8. Jeremiah Johnson (Sydney Pollack, 1972)
Dans les années 1850, un soldat décide de fuir la civilisation dans les Rocheuses. Tel un anti-western, Jeremiah Johnson dépeint une histoire de l’Amérique tragique, qui a autant sacrifié des peuples que leurs coutumes. Le film possède ainsi une sorte d’aspect fantomatique renforcé par ses décors enneigés, tandis que son protagoniste (incarné par Robert Redford) cultive le savoir des Indiens pour survivre. Là encore, le froid est défié de manière collective, par des connaissances partagées, renvoyant à un humanisme que la fin émouvante du long-métrage sublime.
9. Fargo (Joel et Ethan Coen, 1996)
De tous les films des frères Coen, Fargo est peut-être, avec Inside Lewyn Davis, celui qui procure le plus de frissons, dans les deux sens du terme. C’est un thriller inspiré d’un faux fait divers improbable (un homme paye deux malfrats pour simuler l’enlèvement de sa femme afin de toucher la rançon de son beau-père) qui se déroule dans un coin paumé du Mid West, entre le Dakota du Sud et le Minnesota, là où les hivers sont rudes. Un film fait de paysages désertiques, cadrés comme dans un western désenchanté, avec la neige comme seul horizon ; de quoi prendre un bain de fraîcheur.
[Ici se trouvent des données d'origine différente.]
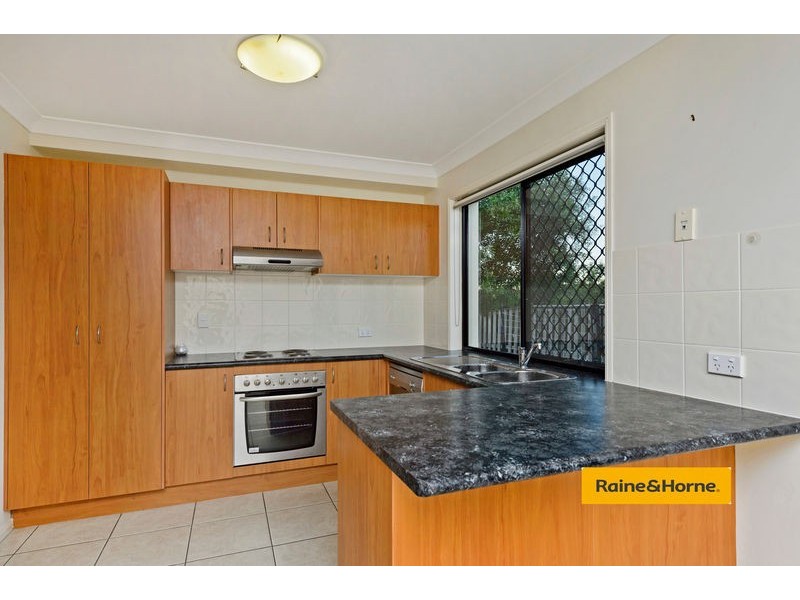 1/30 Witheren Circuit, Pacific Pines QLD 4211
10. Yves (Benoît Forgeard, 2019)
En ces temps de canicule, quoi de mieux que d’avoir en meilleur ami un frigo intelligent ? C’est le postulat réjouissant d’Yves, chronique d’anticipation où le HAL 9000 de notre temps a la capacité de garder nos bières au frais. Mieux encore, il aide le protagoniste, jeune rappeur raté, à composer un tube, et à trouver l’amour, au point d’amener une relation à trois entre humains et machine, qui se termine dans le bac à glaçons. Autant dire que Benoît Forgeard n’est pas seulement à la page en ce qui concerne l’intelligence artificielle, dans cette comédie décalée et généreuse.
Bonus : Knick-Knack (John Lasseter, 1989)
Pour finir, comment ne pas s’attarder sur l’un des courts-métrages du studio Pixar, quand celui-ci adopte le point de vue d’un bonhomme de neige cherchant à sortir de sa boule en verre ? En quelques minutes, John Lasseter et ses équipes amènent l’animation en 3D (à l’époque très expérimentale) dans le domaine du burlesque. Fun et coloré, Knick-Knack est un film qui n’est pas seulement rafraîchissant grâce à son protagoniste.